In 2000 the American candidate who got the most ballots lost the presidency in the electoral college. Jamaica had a razor-thin election in December 1949 when the PNP won the popular vote 43.5 per cent to 42.9 per cent and the JLP won 17 of 30 seats. But the British Crown held ultimate power then, which limited any scope for upheaval.
Test of democracy
The real test of democracy is not so much that the side that gets the most votes governs, but that the defeated side doesn't head for the hills, guns ablaze. It hardly matters if 50.1 per cent or 49.9 per cent of the people voted for the party that governs them. What is crucial is that the side that loses, under whatever rules were agreed upon before ballots were cast, accepts the results without shouting 'We was robbed' loudly enough for guns to bark.

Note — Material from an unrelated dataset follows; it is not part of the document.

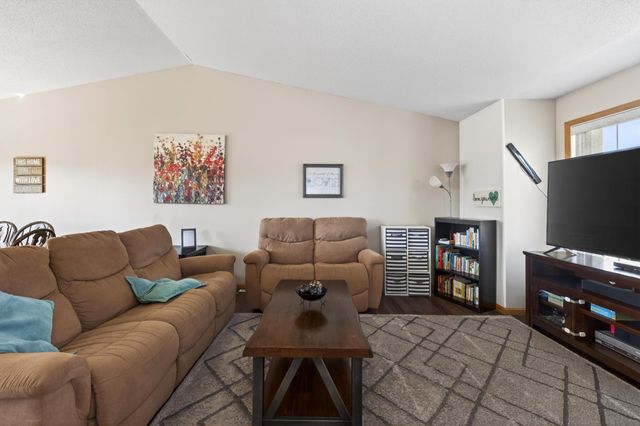 3520 Eagle Run Drive, West Fargo, ND 58078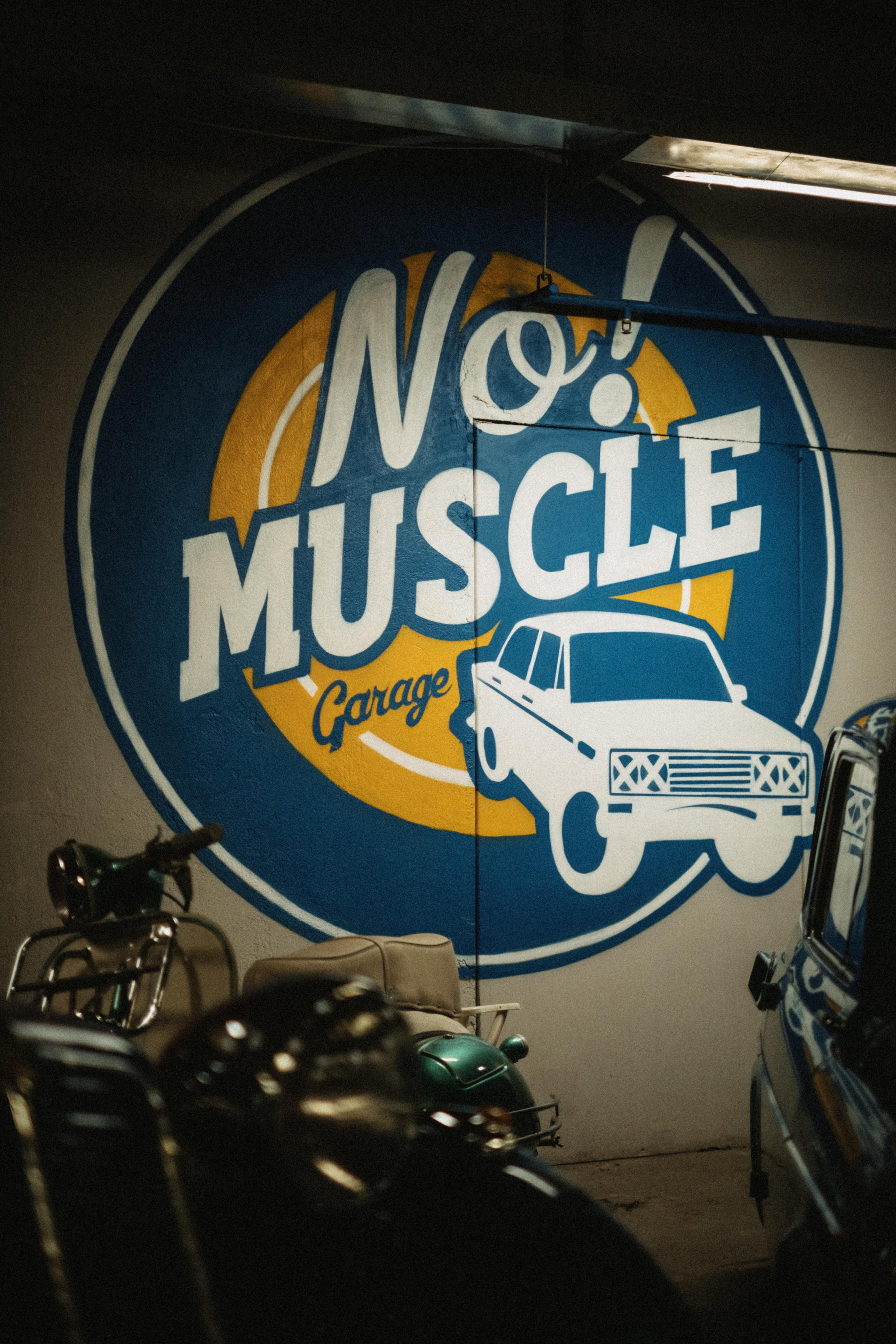 No MUSCLE Garage. СПБ. Фотограф-психолог, стильная контентная и портретная съемка в Москве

What would happen if we get a 30-30 election result with a couple seats decided by less than 50 votes? Maybe both sides would calmly work out a mutually agreed upon solution in the best interests of the country. Maybe we would have mass demonstrations a la Mexico. Or maybe hotheaded diehards would bawl 'Ballot box thief fe dead!' and start shooting.
Which brings up the garrison phenomenon. The PNP is reckoned by most to have a seven to three advantage in this area. Could Jamaica claim to be a democracy if its government was decided in constituencies where people cannot vote freely and fairly? Incidentally, whatever happened to the pledges of Bruce Golding and Portia Simpson Miller to break down the garrison walls? When are they going to fulfil their promises to walk hand-in-hand through the inner city? How about Nomination Day, Prime Minister and Opposition Leader?
Our constitution doesn't even address the tied-seat situation. Given the potential for chaos, can't the Governor-General, the Electoral Commissioner, the Ombudsman, the Prime Minister and the Opposition Leader formulate a contingency plan of action? Ideally, all sides would sign an agreed-upon code of conduct. Yes, there is no guarantee everyone would stick to it. But at least there would be a set point of reference.
It's easier to remain rational in hypothetical situations than in the actual heat of battle. The current open voting imbroglio shows how election fever scrambles brains. If educated senators and parliamentarians can't agree on something so basic before elections have been called, imagine the angry confusion of a tied-seat count. Why wait till a fire starts to check the hydrants?